Acupunk wrote:For me I feel as if though Bruce lee had grasped it but not through thousands of years of time tested experience. So it was as if his pressure(qi) was to high for his body to handle. Thus he was like a vb body with a rolls royce engine. They must both be developed with respect to each other.
That's a beautiful summary Acupunk of my views on Bruce too. Even in martial arts, Yi/personal signification and Fang/past community knowledge are good to be balanced.
I feel this is also potentially one of the problems with avant-garde approaches to therapy, ie. modern "energy" work, not just those derived from Eastern lineages, when they try to completely supercede those lineages and work off only a relatively superficial grasp of them. The fact that "it feels good" immediately is not the whole picture, and no assurance at all that we haven't detrimentally drawn on other things underneath that we have yet learnt to see, and the consequences of which we have yet learnt to connect. That's where the accumulated "thousands of years of time tested experience" comes in handy (if one goes to the effort to learn how to interpret them anyway).

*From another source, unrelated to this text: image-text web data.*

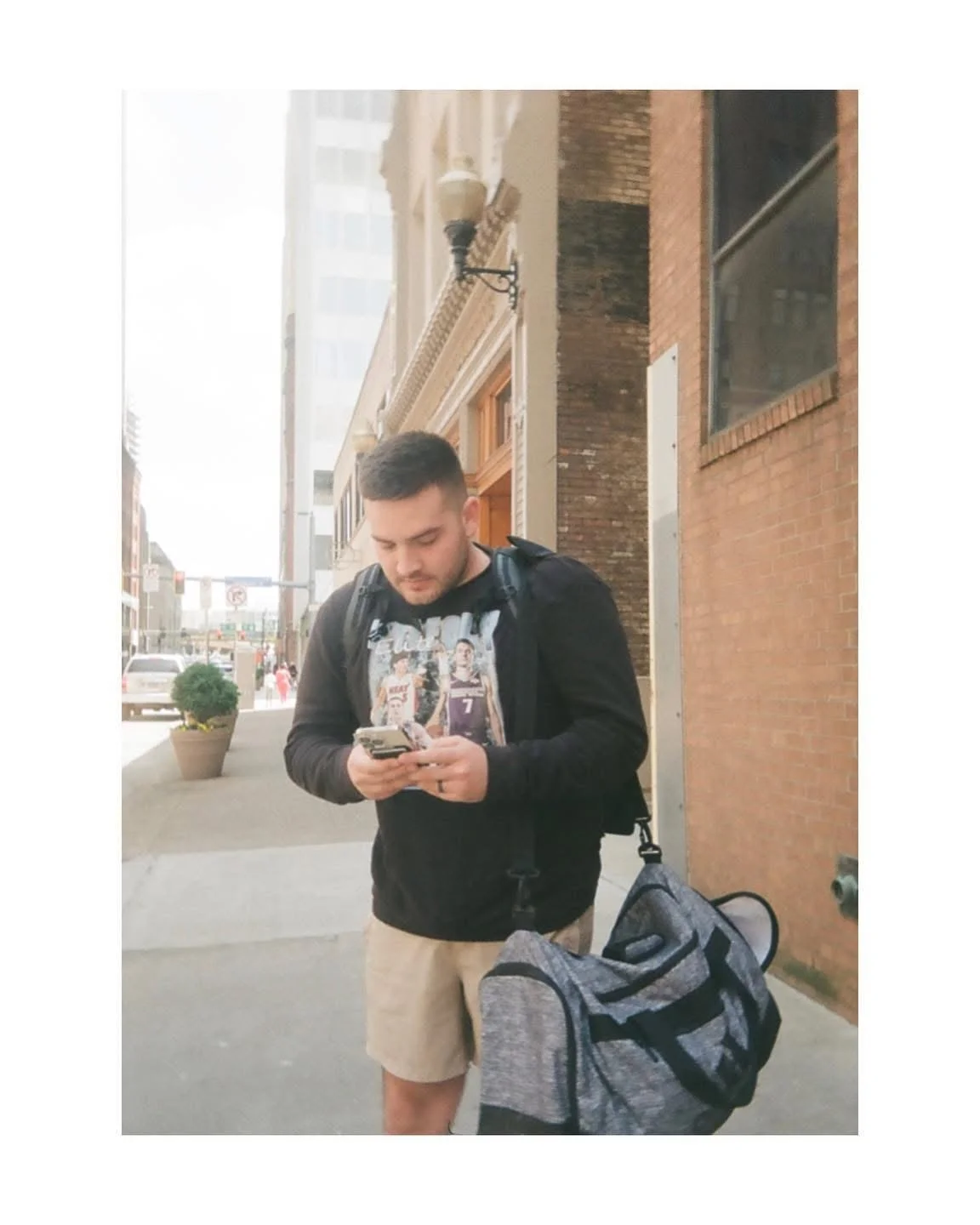 A young man with short dark hair, wearing a graphic t-shirt and beige shorts, looking at his phone while standing outside on a city sidewalk. He has a backpack on his back and a gray duffle bag on the ground beside him. The background features brick and stone buildings, a potted plant, and street activity.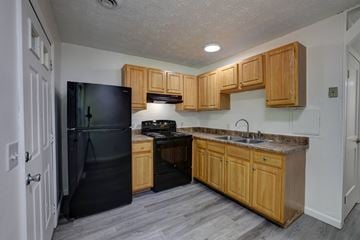 Gansevoort apartment for rent - A kitchen with wooden cabinets and a black refrigerator.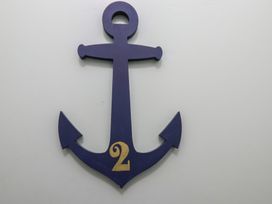 A decorative anchor with the number 2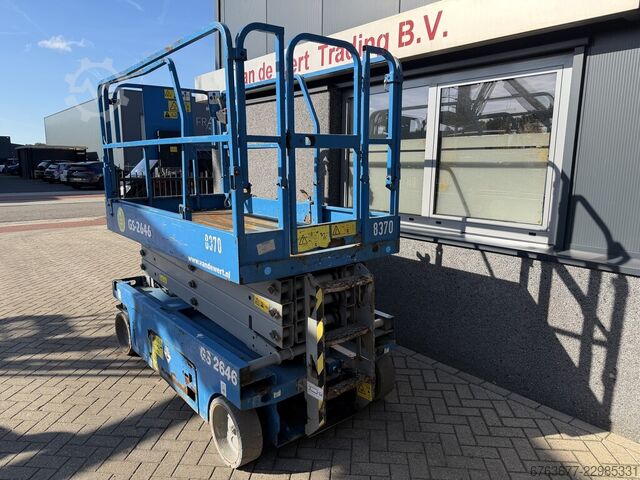 Genie GS - 2646 Ψαλιδωτή ανυψωτική πλατφόρμα / Εργαλειοφόρος πλατφόρμα / Ψαλιδωτό ανυψωτικό με ύψος  GENIE GS - 2646  SchaarHoogwerker / Arbeitsbuhne / Scicc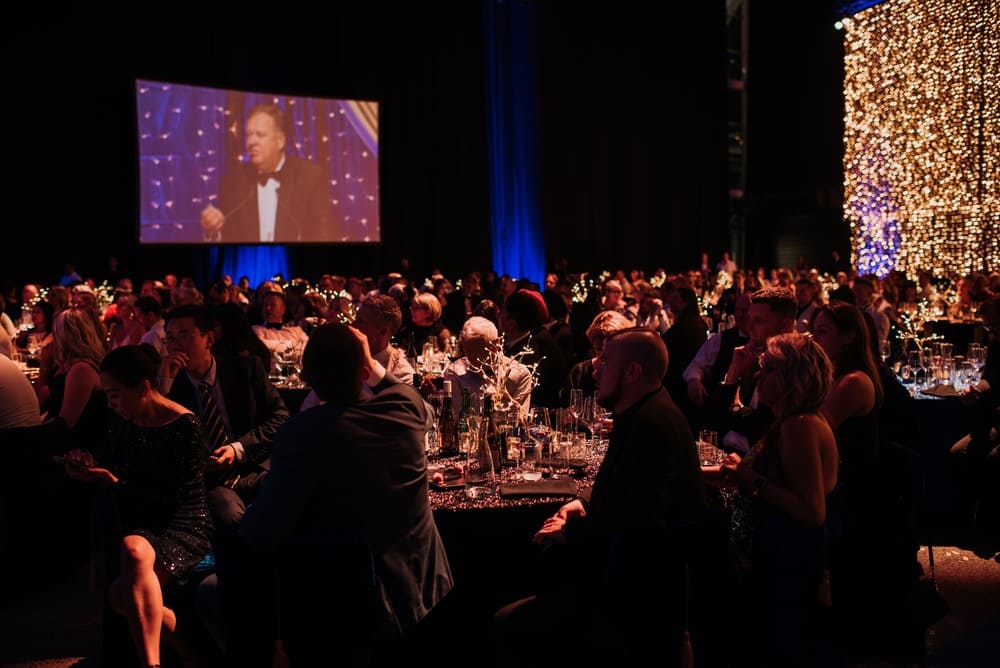 A formal event with many people seated at round tables, watching a man in a tuxedo speaking on stage, shown on a large screen. The room is dimly lit with blue and warm string lights.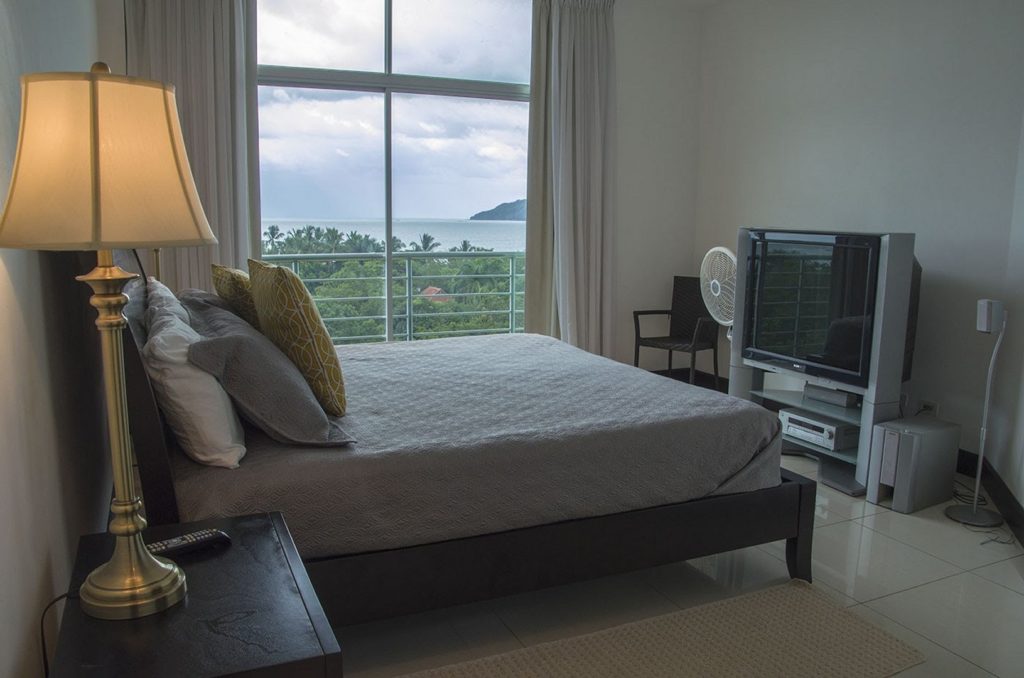 Large bedroom and television with ocean views.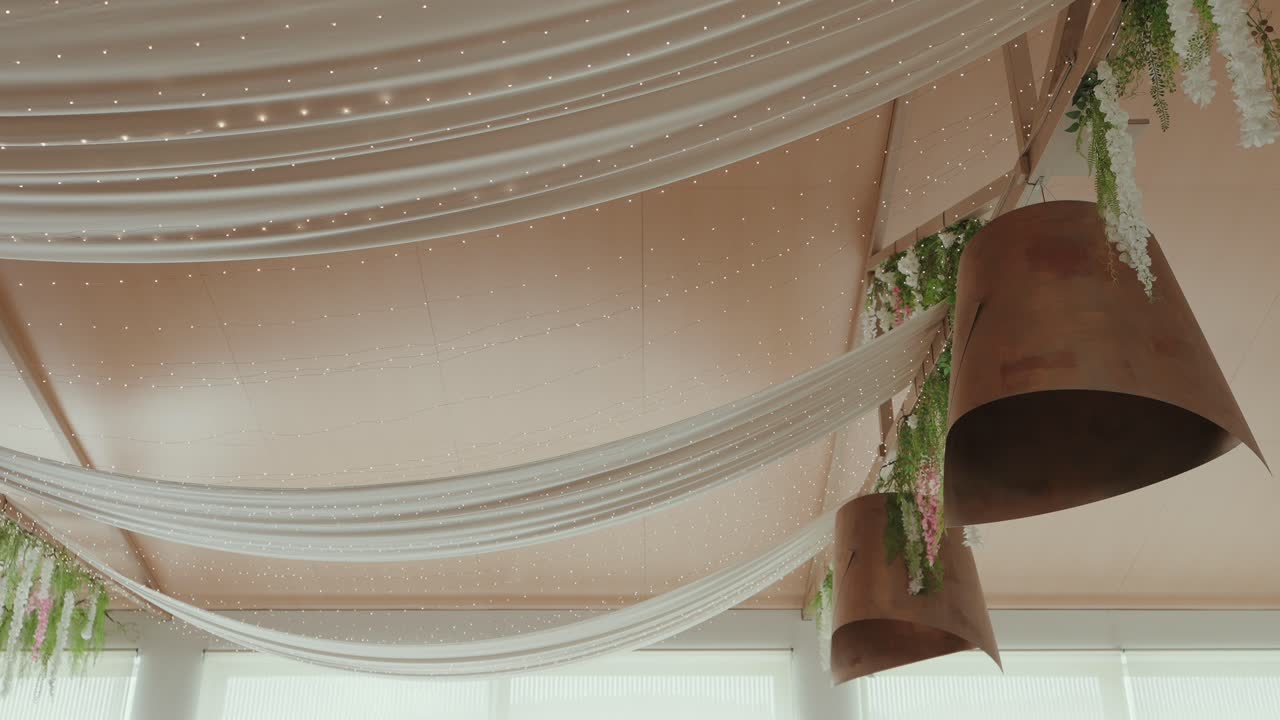 Decoración elegante de techo para bodas con cortinas de tela y flores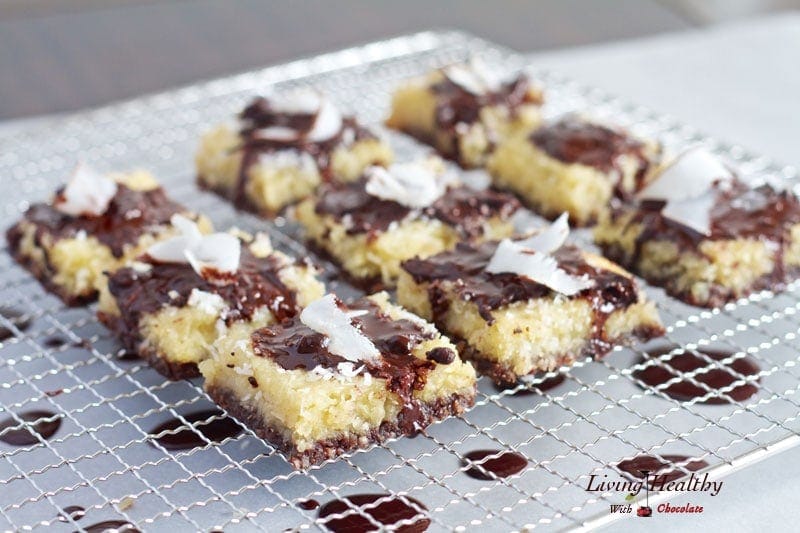 paleo coconut brownie bars drizzled with chocolate cooling on a wire rack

The "It works" defence is not only dodgy from an objective scientific standpoint, it is also problematic from a classicist's point of view. There is a price to be paid for the many benefits of internal training... even if it seems to "feel good" immediately, have no doubt it can be dangerous stuff that demands respect and careful discrimination in what one chooses to do (and with whom). Remember, Qi is "energy", not energy, and (if nothing else) flowing through more Qi can burn more Jing. Qigong and meditation and martial arts and chakra work and "letting go of emotions", etc are not always benign, Chinese culture (popularly through literature and mythology) still understands that there are all sorts of ugly turns that can be taken. And I can think of few better ways to see this ourselves than a continually wider and deeper embrace of the existing literary tradition.
Personally, I'd be happier to see CM in the hands of modern scientific scepticism than those who believe classics but don't really try to deeply understand them (or at least try to stay in healthy contact with those that do). Even if a great deal of potential is lost in this strategy, at least modern scientific scepticism, in avoiding this side of traditional knowledge, also steers away from the (subtle, thus even more influential) dangers.